Figure 1 -. Genome size of parasitic plants compared to nonparasitic plants. Only those with fully sequenced and assembled genomes. The arrangement reflects the degree of host dependence. At the top, in green, are the free-living plants, which include Manihot esculenta (Alaba et al., 2014), Arabidopsis thaliana (Lamesch et al., 2012), Ipomoea nil (Hoshino et al., 2016), Mimulus guttatus (Hellsten et al., 2013) and Lindenbergia luchunensis (Xu et al., 2022). In light yellow is the facultative hemiparasite Phtheirospermum japonicum (Cui et al., 2020)- the obligate hemiparasite Striga asiatica (Yoshida et al., 2019) in dark yellow. Holoparasites are depicted in orange/red and include Cuscuta australis (Sun et al., 2018), C. campestris (Vogel et al., 2018), Orobanche cumana (Xu et al., 2022), and Phelipanche aegyptiaca (Xu et al., 2022). Lastly, the endophytic holoparasite Sapria himalayana (Cai et al., 2021) is shown in red, representing the most extreme parasitism.

Figure 2 -. Estimated genome size (C-value) of parasitic plants. The C-values were obtained from Plant DNA C-values Database (Leitch et al., 2019) maintained by Kew Royal Botanic Garden. The prime estimated c-value (in Mbp) from the database was compared with a list of parasitic plant genera (U.S. DEPARTMENT OF AGRICULTURE, 2024). Only families that have a minimum of two genera of parasitic plant species with documented C-values in the database were examined in this analysis. The grey bars represent the range of C-values observed in each group, from the lowest to the largest, while the red bars indicate the average genome size. The dashed line indicates the average genome size of all angiosperm plants recorded in the database. For Santalaceae, the genera included were Rhoiacarpos sp., Santalum sp. and Comandra sp. In Orobanchaceae, the listed genera were Bartsia sp., Bellardia sp., Cistanche sp., Euphrasia spp., Melampyrum spp., Nothobartsia sp., Odontitella sp., Parentucellia sp., Pedicularis spp., Phelipanche spp., Phelypaea spp., Schwalbea sp., Orobanche spp., Pedicularis spp., Odontites ssp. and Rhinanthus spp. Convolvulaceae included Cuscuta spp. Loranthaceae encompassed the genera Alepis sp., Amylotheca sp., Benthamina sp., Decaisnina spp., Dendrophthoe spp., Diplatia spp., Amyema spp., Nuytsia sp., Loranthus spp., Lysiana sp., Macrosolen sp., Ileostylus sp., Muellerina spp., Peraxilla spp., Sogerianthe sp. and Tupeia sp. Finally, Viscaceae comprised Viscum spp. and Arceuthobium sp.

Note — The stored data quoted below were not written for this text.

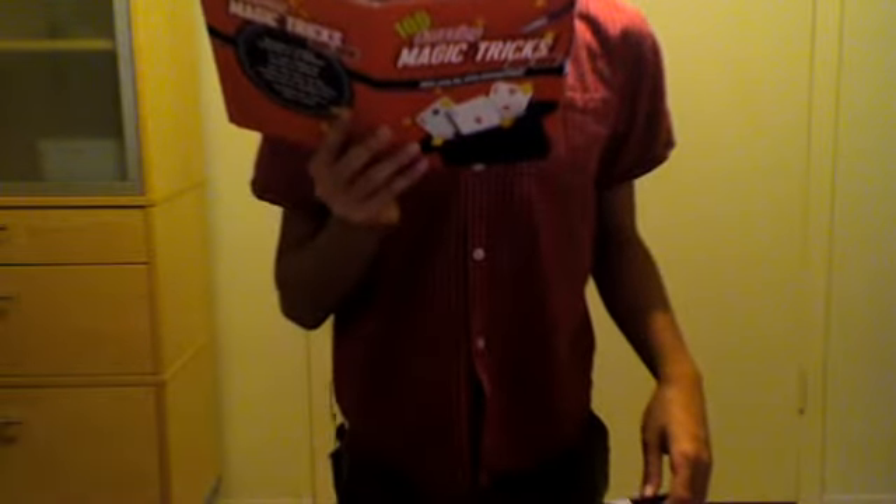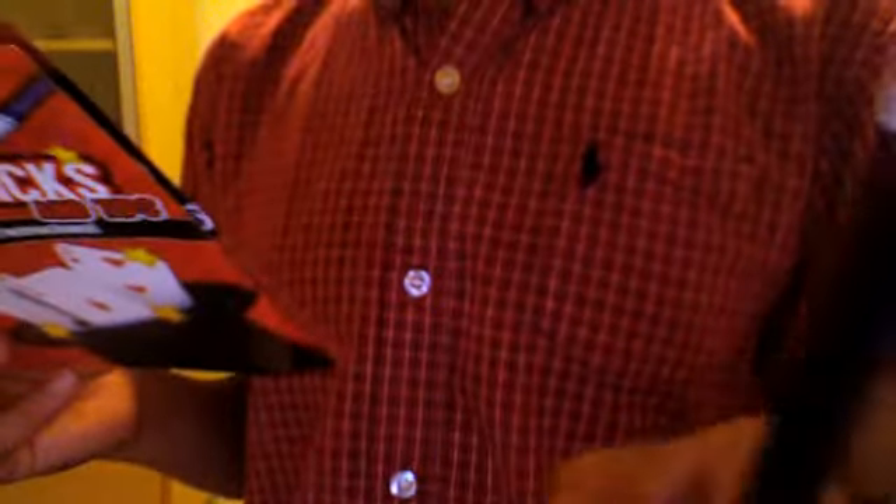Alright, first it says the only item you need is your wand. So if you don't have a wand, some people can have the same wand but bigger. I got this off of Barnes & Noble.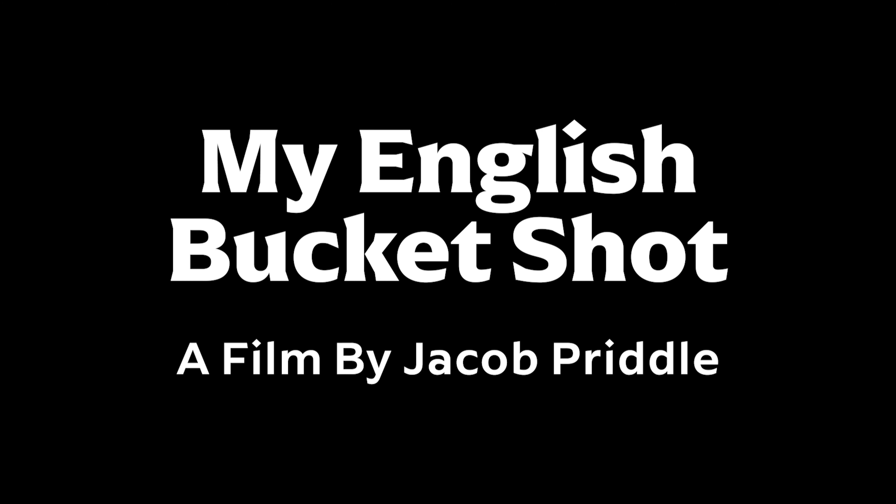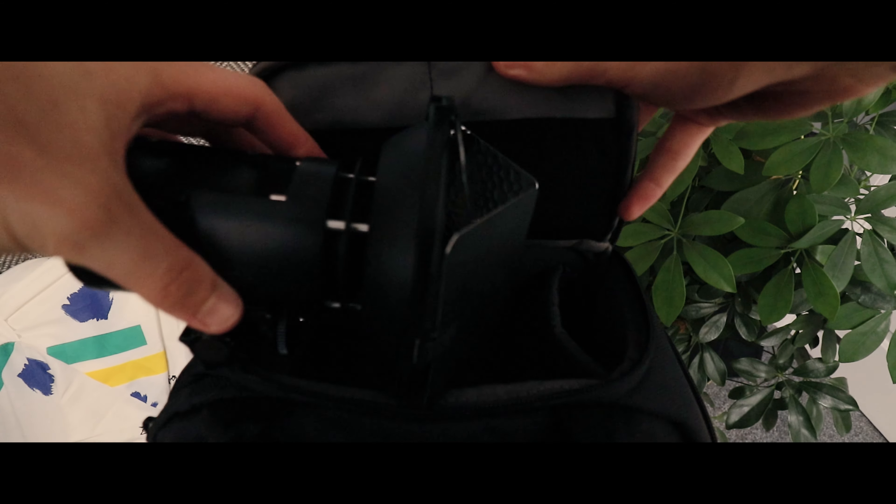I need to show you this right now because I'm doing research for a holiday to Devon we've got coming up. Well, I think I found my bucket shot. Basically, I need to book a holiday for the next week to be able to get this shot.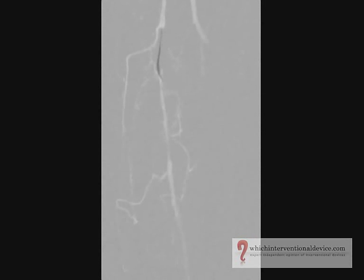Here a guide wire has been pushed forward in a loop using a COBRA catheter and pushed through the occlusion in the sub-intimal plane.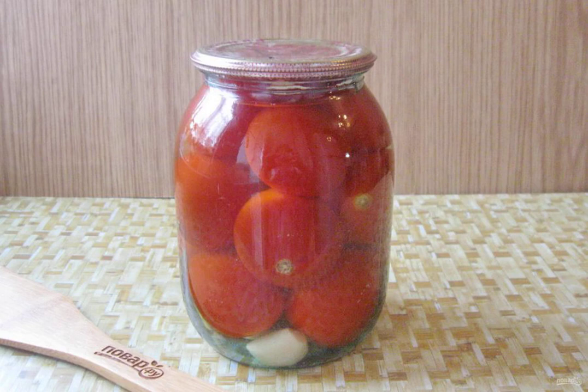After that, pour the water into a saucepan and bring it to a boil again. Pour boiling water over the tomatoes a second time and let stand again for 20 minutes.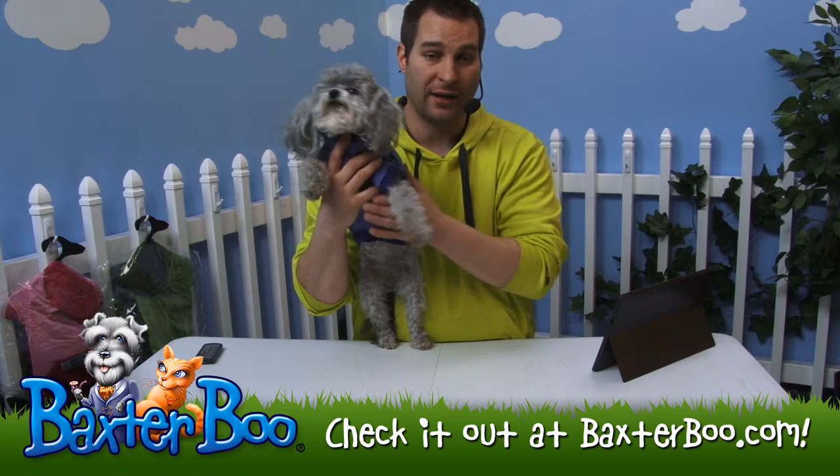You can see her little chest is protected and covered. It's still cut away so she can still use it in the restroom.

Figure 3 -. Number of protein-coding genes in the genome of parasitic plants compared to nonparasitic plants. Only those with fully sequenced and assembled genomes. The arrangement reflects the degree of host dependence. At the top, in green, are the free-living plants, which include Manihot esculenta (Alaba et al., 2014), Arabidopsis thaliana (Lamesch et al., 2012), Ipomoea nil (Hoshino et al., 2016), Mimulus guttatus (Hellsten et al., 2013) and Lindenbergia luchunensis (Xu et al., 2022). In light yellow, facultative hemiparasite Phtheirospermum japonicum (Cui et al., 2020). The obligate hemiparasite Striga asiatica (Yoshida et al., 2019) in dark yellow. Holoparasites are depicted in orange/red and include Cuscuta australis (Sun et al., 2018), Cuscuta campestris (Vogel et al., 2018), Orobanche cumana (Xu et al., 2022), and Phelipanche aegyptiaca (Xu et al., 2022). Lastly, the endophytic holoparasite Sapria himalayana (Cai et al., 2021) is shown in red, representing the most extreme parasitism.

Figure 4 -. The progression of haustoria formation in P. japonicum (A) Initially, the figure on the left illustrates the root’s anatomical layers without a host, highlighting its independent structure. (B) The prehaustorium phase marks the beginning of haustorial development. (C) This phase transitions into the invading haustorium stage, where the haustorium starts to penetrate the host tissue. (D) The process culminates in the mature haustorium stage, establishing a vascular connection with the host and facilitating nutrient exchange. The diagram labels various anatomical features, including the epidermis (Ep), cortex (Co), endodermis (Ed), vascular system (VS), haustorial hairs (HH), paratracheal parenchyma (PP), procambium-like cells (PL), intrusive cells (IC), tracheary elements (TE), xylem bridge (XB), and plate xylem (PX), to illustrate the complex interactions and transformations involved in haustoria development.